In the editorial, they wrote that if the Missouri Higher Education Loan Authority has enough surplus to fund these building projects -- which include a Health Sciences Research and Education Center and a business incubator -- then they are not fulfilling the MOHELA charter of offering low interest rates to students.
The said violating this charter could be cause for a large class-action suit against the MOHELA board.
"Essentially, what the governor is proposing is to rob Peter (the students) to pay Paul (the institutions). The Pauls have paid lobbyists; the Peters have none," Ginnis and Lichtenegger stated in the editorial.
They wrote that money from the sale should be used for loan fogiveness and lower interest rates, and not for funding building projects at various state institutions.
Sen. Gary Nodler, R-Joplin, who authored a higher education bill that includes the governor's MOHELA sale, said this editorial inadvertently supports his bill. He said his bill would not violate the charter, because it, in fact, changes the law.
He also said he's not sure if the sale money should be used for both lowering interest rates on loans and loan forgiveness.
"I'm not aware where it says in the MOHELA charter that the MOHELA sale should be used for loan forgiveness," Nodler said.
Sen. Wes Shoemyer, D-Clarence, one of the sale's biggest opponents, said Nodler's bill would not violate any laws, but did agree that MOHELA money should be used for loan forgiveness and lower interest rates.

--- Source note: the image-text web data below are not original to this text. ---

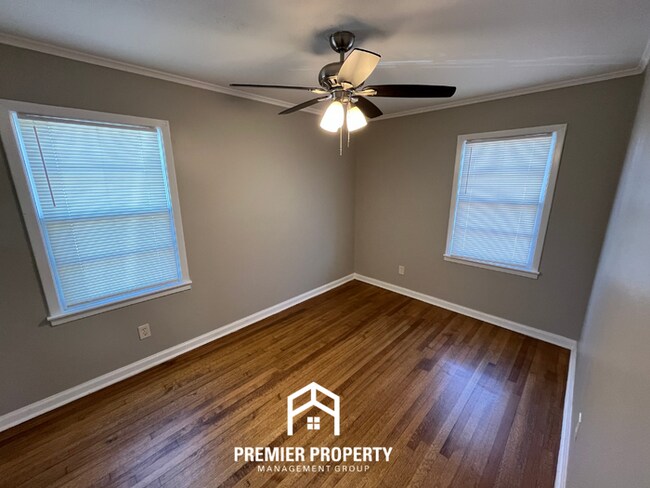 Building Photo - Charming 3BR Home w/ Hardwood Floors & Fenced Backyard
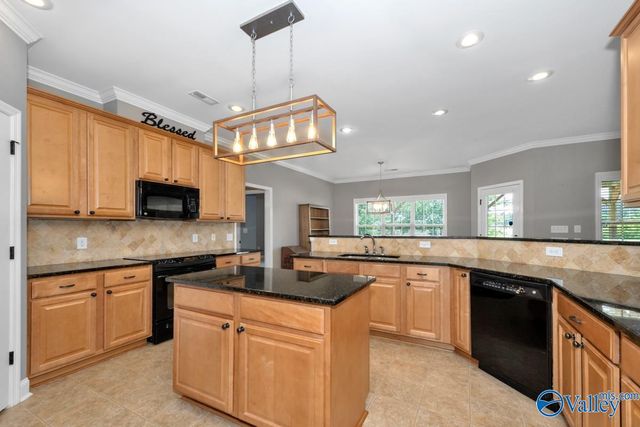 8548 Rolling Oaks Drive, Owens Cross Roads, AL 35763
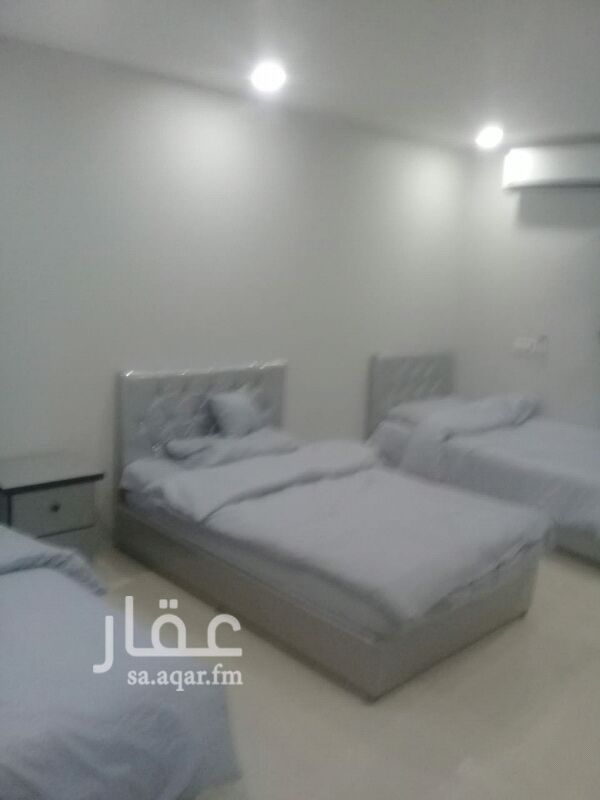 1399108 شقق مفروشة عزاب بالخبر حي الجسر
غرفة وصالة وحمام ومطبخ مفروش فرش كامل غرفة بها ٣ سرير ودولاب وكمدينو ومكيفات اسبلت والصالة بها كنب جلوس امريكي وفرشة أرضية وطالولة وشاشة تلفزيون كبيرة ومكيف اسبلت ومطبخ وثلاجة وحمامات جاكوزى وبانيو والمياة بارد حار سخانات مركزية ومواقف سيارات خاصة وخدمة النظافة مجانااا داخل الشقق السعر ١٨٠٠ ريال شهري للحجز ٠٥٦٢٢٥٦٦٦٦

Shoemyer, who is a farmer, equated selling the MOHELA assets to buying expensive equipment and selling the farm.
"I buy all this stuff but, now come next year, I can't even fully utilize it, because I've sold the farm to buy it," he said.
Shoemyer, who is sponsoring another MOHELA bill that recommends using bonds to fund building projects, said that Nodler's MOHELA plan executes the the building projects over a 10-year period, and that the sale might not be able to fund all of the expenses. Some building projects, he said, could be dropped.
"If the kids aren't going to suffer and families -- which they are -- then as we're going with pay as you go, then some projects are going to fall of the list," Shoemyer said.